What will happen today?

I will tell a little story: why we decided to create our own system, how it came to life such that in the modern world, in which seemingly there is a solution for any task, we still needed to create our own database. Then I will talk about what features are now in ClickHouse, what it consists of, and what features it has that you can use. Then you want to dive a little deeper and tell you what decisions we made inside ClickHouse, and what it consists of, and why ClickHouse works so fast. And in the end I want to show how ClickHouse can help you personally or the company you work for, what tasks you should use it for, what cases you can build around ClickHouse.

A bit of history

It all started in 2009. Then we made Yandex.Metrica, a web analytic tool. That is such a tool that the owners or developers of sites put on their site. This is a piece of JavaScript, it sends the data to Yandex.Metrica. Then in “Metric” you can see the statistics: how many people were on the site, what did they do, whether they bought a refrigerator and all that.
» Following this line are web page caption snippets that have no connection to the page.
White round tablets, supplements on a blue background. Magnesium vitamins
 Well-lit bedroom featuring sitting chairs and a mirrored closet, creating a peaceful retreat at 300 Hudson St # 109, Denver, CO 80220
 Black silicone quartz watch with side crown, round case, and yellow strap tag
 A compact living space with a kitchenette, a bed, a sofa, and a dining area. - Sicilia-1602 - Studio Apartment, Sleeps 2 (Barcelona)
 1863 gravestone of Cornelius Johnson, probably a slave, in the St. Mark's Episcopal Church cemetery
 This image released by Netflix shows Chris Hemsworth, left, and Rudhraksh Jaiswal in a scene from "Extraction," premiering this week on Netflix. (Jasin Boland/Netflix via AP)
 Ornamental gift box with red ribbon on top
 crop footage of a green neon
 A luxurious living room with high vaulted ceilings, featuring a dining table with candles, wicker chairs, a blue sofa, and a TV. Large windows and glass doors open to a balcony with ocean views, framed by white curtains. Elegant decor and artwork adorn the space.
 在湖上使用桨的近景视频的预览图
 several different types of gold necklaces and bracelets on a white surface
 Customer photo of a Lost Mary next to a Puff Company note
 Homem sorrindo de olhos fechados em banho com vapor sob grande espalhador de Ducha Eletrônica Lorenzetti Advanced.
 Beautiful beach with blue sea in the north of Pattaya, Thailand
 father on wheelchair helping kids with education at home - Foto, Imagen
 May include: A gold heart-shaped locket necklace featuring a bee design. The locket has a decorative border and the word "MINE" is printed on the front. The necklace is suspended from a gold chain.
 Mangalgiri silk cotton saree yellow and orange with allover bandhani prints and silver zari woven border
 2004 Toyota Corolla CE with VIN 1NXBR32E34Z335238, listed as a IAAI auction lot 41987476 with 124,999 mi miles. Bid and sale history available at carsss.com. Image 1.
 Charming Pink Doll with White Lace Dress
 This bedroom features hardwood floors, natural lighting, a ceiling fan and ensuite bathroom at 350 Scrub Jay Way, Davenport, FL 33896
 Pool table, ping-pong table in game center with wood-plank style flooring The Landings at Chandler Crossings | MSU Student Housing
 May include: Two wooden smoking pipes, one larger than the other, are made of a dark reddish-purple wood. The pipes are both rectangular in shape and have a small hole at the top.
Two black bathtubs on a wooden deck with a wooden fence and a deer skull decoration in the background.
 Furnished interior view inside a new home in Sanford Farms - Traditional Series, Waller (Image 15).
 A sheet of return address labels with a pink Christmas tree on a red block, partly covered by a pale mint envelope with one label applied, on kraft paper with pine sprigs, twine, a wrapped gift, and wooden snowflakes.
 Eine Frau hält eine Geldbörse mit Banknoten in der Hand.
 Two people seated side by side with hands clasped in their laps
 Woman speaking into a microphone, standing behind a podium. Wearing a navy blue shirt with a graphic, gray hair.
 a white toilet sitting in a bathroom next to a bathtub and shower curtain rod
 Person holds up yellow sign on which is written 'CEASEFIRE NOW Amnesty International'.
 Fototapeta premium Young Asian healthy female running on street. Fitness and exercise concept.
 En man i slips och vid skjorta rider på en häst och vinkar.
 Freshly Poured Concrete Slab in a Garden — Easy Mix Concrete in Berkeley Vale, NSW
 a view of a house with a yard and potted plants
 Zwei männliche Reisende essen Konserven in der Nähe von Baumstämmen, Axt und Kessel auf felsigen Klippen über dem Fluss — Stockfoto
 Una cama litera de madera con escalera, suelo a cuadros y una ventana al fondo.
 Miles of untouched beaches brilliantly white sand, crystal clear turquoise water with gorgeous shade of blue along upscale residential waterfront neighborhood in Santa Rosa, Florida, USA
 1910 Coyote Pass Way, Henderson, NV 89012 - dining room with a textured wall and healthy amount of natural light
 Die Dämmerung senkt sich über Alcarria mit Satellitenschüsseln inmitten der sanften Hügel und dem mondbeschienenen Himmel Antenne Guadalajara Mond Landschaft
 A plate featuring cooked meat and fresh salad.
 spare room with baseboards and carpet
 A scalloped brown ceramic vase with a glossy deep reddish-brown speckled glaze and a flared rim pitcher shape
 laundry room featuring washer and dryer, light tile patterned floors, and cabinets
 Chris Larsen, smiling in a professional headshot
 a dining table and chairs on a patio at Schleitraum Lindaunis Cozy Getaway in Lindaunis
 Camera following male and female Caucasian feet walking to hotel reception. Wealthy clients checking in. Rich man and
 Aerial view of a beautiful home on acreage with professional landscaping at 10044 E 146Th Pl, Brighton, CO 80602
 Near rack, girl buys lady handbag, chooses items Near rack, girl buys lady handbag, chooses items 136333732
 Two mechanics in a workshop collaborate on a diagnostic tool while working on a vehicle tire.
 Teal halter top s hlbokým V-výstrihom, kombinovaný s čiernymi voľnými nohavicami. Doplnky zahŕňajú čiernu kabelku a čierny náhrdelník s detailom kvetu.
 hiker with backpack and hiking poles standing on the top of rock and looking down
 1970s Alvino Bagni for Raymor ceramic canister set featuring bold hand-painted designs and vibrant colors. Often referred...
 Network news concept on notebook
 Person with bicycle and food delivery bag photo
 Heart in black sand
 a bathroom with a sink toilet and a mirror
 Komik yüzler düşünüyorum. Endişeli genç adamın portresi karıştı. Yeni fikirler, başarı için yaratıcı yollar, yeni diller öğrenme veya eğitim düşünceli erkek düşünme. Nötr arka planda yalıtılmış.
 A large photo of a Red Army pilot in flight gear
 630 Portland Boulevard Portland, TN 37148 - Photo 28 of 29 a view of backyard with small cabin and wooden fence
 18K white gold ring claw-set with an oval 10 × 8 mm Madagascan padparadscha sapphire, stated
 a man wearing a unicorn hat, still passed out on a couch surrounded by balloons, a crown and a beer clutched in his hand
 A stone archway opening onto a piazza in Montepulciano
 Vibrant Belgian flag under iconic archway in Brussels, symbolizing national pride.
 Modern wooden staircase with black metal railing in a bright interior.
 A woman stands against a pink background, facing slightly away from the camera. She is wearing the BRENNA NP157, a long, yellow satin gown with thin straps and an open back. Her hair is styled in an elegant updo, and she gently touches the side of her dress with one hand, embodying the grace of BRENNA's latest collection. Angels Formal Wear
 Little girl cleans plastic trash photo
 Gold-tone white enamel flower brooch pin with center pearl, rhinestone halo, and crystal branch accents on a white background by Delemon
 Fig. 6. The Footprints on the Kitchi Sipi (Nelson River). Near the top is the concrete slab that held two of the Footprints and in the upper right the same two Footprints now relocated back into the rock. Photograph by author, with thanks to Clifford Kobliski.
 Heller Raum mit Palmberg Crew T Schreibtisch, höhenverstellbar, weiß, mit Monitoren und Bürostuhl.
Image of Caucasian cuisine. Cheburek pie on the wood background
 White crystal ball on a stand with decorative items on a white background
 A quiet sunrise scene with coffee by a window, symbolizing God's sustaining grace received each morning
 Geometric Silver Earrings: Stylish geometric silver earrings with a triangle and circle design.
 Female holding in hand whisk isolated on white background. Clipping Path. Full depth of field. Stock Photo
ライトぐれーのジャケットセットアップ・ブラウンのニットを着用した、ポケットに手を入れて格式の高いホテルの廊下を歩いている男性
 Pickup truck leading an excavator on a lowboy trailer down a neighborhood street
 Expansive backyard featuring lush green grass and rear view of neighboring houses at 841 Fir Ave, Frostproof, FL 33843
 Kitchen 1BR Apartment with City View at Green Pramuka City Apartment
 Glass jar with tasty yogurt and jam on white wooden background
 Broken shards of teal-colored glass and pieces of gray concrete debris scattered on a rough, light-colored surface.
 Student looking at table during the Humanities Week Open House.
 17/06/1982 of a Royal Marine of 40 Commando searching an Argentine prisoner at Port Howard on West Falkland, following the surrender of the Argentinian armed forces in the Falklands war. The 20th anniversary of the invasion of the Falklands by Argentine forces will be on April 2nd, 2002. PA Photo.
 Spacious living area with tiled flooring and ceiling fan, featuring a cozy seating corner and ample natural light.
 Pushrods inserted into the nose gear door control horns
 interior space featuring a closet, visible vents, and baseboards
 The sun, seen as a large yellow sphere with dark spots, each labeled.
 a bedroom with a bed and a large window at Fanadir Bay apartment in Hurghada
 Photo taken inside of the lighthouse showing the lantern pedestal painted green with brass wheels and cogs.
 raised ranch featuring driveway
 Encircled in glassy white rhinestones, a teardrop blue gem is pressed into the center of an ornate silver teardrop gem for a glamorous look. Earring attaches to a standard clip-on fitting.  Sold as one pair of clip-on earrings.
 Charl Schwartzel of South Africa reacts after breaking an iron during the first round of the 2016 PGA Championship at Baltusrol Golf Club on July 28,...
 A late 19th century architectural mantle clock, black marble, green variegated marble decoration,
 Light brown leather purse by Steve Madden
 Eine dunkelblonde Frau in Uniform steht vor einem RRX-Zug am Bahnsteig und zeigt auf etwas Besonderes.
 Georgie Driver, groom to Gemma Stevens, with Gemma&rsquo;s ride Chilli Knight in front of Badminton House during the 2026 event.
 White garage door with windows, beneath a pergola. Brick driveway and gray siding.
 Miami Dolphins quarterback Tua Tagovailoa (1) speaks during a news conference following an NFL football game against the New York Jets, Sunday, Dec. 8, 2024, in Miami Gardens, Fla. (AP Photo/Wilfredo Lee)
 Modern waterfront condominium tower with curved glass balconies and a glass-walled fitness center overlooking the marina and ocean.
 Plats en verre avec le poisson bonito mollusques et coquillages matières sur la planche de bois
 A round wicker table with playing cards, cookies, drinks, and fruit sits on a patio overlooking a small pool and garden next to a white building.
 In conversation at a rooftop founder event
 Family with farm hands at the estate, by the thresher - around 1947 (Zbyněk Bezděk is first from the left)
And from the point of view of developing a web analytic system, this is a challenge. When you develop one service or some product, you design the load so that it can withstand some RPS and other parameters of this one service or product. And when you develop a web analytics tool, you need to withstand the workload of all sites that your web analytics tool is on. And in the case of "Metrics" - this is a very large scale: tens of billions of events that we take every day.

Metric is on millions of websites. Every day, hundreds of thousands of analysts sit and look at the Metrics interface, request some reports, choose filters and try to understand what is happening on their website, whether this person bought this refrigerator or what is happening. According to external data, Metrica is a system that is one of the three largest players in this market. That is, the number of sites that we have and the number of people Metric sees is a product from the top, there are practically no larger products.

In 2009, Metric did not look like this:



This is her current state. It is seen that in the "Metric" there is a lot of things. There are Dashboards on which you can build your reports. There are graphics that allow you to build something in real time. There is a complex system of filters with which you can view the data in any slice. For example, to look at data only for girls or only for people who came from Zimbabwe is something like that.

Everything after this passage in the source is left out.